James Groce III, PharmD: Sure. That’s a great question, Paul, and I think 1 of the simple ways of addressing this is just to simply ask ourselves the question that you’ve asked, which is “Who is that within our practice?” I think regardless of our practice setting, we know patients that you’ve just identified, and I think there’s a tremendous prevalence of the disease, and I’m going to cite you some specific numbers. But, again, just keeping it pragmatic, we should just simply ask ourselves the rhetorical question “Who is not within our practice setting, defined as you just identified those patients?” Let’s put some real numbers to it versus just the rhetorical answer to the question. We know that more than 1 in 3 patients who are adults in the United States will have at least 1 type of vascular disease. I’m glad you emphasized that this often is a polyvascular disease, affecting so many vascular beds within the patient’s vascular system.

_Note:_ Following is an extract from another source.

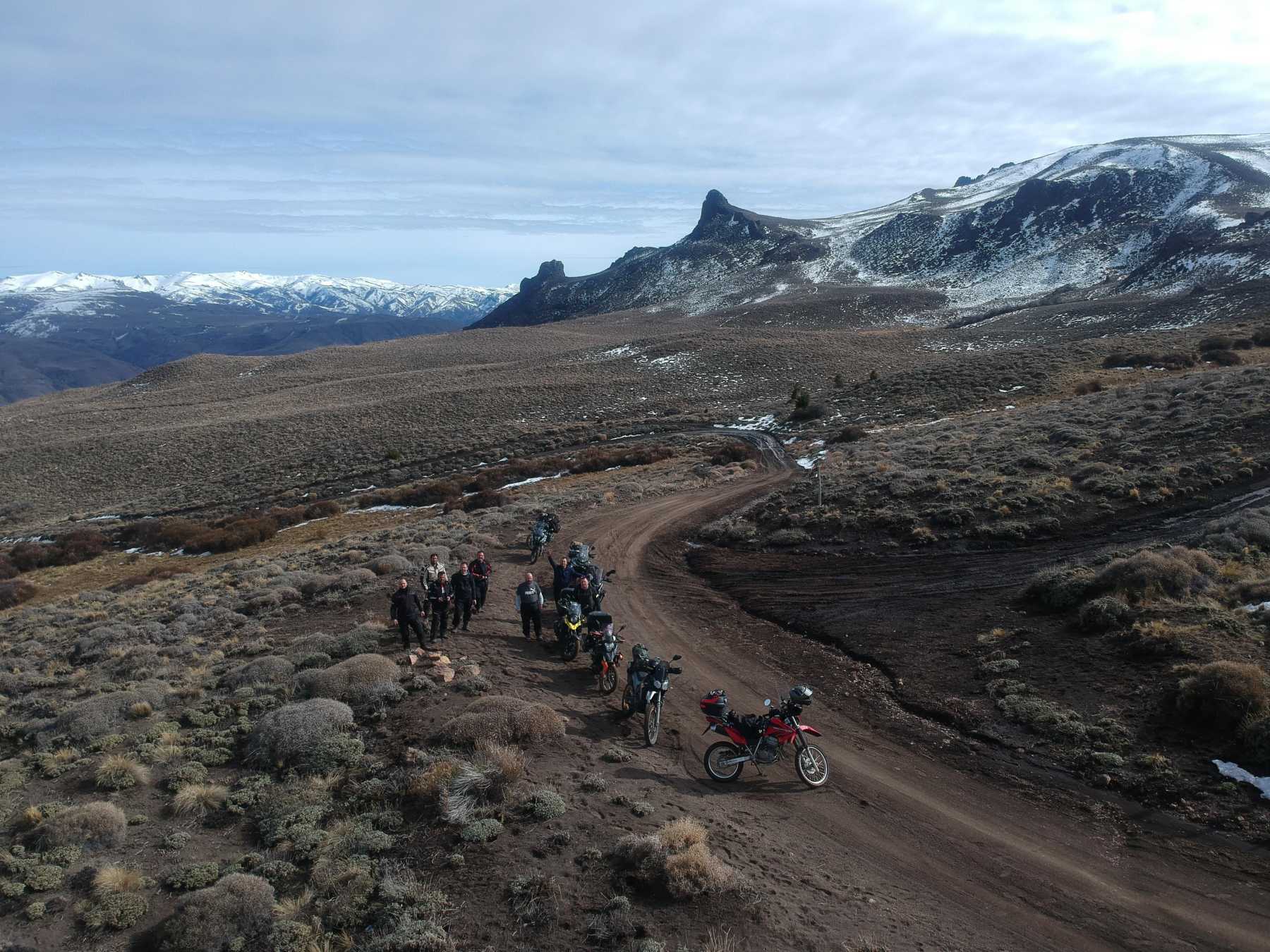 Último tramo del viaje, de Vill Llanquín a Dina Huapi, ya por caminos de Río Negro por la estepa de la Patagonia. Fotos: @los_choiques.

Certainly we know that 16.5 million adults in the United States have coronary heart disease, as you alluded to, as 1 of those subsets. Estimated annual incidence of having an MI [myocardial infarction] or a heart attack is about 580,000 new heart attacks and 210,000 recurrent heart attacks each year in the United States. As it relates to the potential for having a stroke in this patient population that has polyvascular disease, we know there are about 7.2 million adults living, having had a stroke, currently in the United States, and nearly 1 in 4 of these strokes that occur annually are recurrent strokes, with more than 4.6 million stroke survivors who are disabled—so, really, another patient population that we really need to focus on beyond the acute event versus the events and the components of the disease that keep on giving, I’m afraid.

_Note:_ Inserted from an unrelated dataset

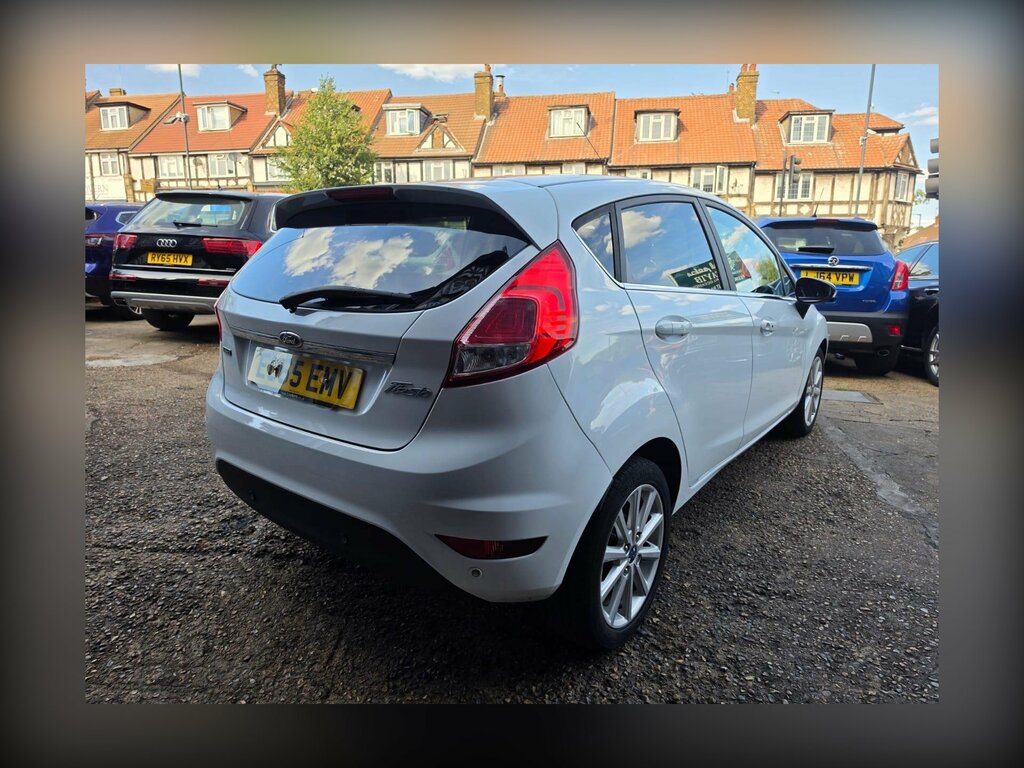 Ford Fiesta 1.0T Ecoboost Titanium Euro 6 Ss White #5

Finally, the last one that you alluded to is peripheral artery disease. We know that in the United States, it affects about 8.5 million patients. For that patient population, within 5 years of their initial diagnosis, up to 80%…will have that leg pain that you described, the intermittent claudication, brought about by increased vascular demand when exercising or simply walking for so many of these patients.
Paul Dobesh, PharmD: Very good, yeah. I think it does bring up the fact that there is a large portion of this population that is affected by this disease state.